Ренуар не был доволен своей работой, что нельзя было сказать о его поклонниках. Друзья с трудом уговорили известного художника выставить портрет в картинной галерее. Портретом русской красавицы с алой розой в руках любовались все, кто посетил выставку, но копию заказал только один господин из России.
Это был приватный сыщик, юрист Всеволод Дмитриевич Вышинский, который направлялся в Лондон для содействия секретной службе королевского дворца расследовать загадочное исчезновение драгоценного камня. Следуя в Англию, он остановился в Париже, чтобы попутно оказать некоторую помощь французской полиции. И здесь ему несказанно повезло.
Прогуливаясь по многолюдным улицам Парижа, он случайно увидел знакомое лицо. С афиши картинной галереи на него смотрели глаза молодой и красивой, дерзкой и властной девушки. То ли улыбаясь с издевкой, то ли дразня и подмигивая, красивое женское лицо, будто торжественно объявляло каждому о своем выборе. Презирающий всех взгляд по-царски выражал преимущество перед миром, но в то же время таил в себе необыкновенную женственность и невинность, покорность и мудрость, беспомощность и готовность, ненависть и согласие. Все это завораживало даже с афиши.

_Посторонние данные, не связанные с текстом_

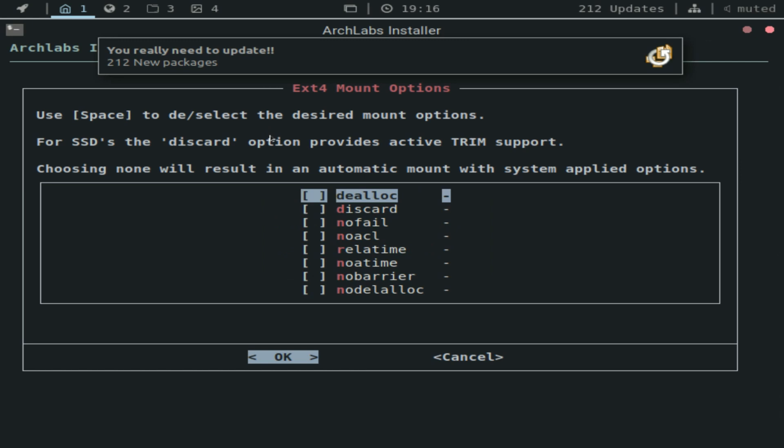Keep in mind, it's going to get rid of all your files if you have anything saved. It's going to format it, wipe everything completely.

Выставка нисколько не интересовала сыщика Вышинского. Он с недоверием относился к манере художников-импрессионистов, которая порой делала лица на портретах неузнаваемыми. Но этот портрет даже с афиши Вышинскому показался исключением. В нем он узнал повсюду разыскиваемую мошенницу, с которой ему однажды довелось встретиться. Тогда его покорил не только величественный взгляд… Он полюбил ее. Полюбил страстно, нежно и без всякой надежды на взаимность. И в самом деле, какое может быть будущее у любви сыщика с воровкой? И сейчас, разглядывая афишу, Вышинский с горечью сознавал, что она никогда не будет принадлежать ему, а он никогда не сможет забыть ее. Любуясь афишами, расклеенными по всему городу, он расхаживал по улицам, одновременно наслаждался и страдал, чувствовал себя влюбленным и одиноким. Но, как бы там ни было, счастливее человека в Париже в этот миг найти было трудно.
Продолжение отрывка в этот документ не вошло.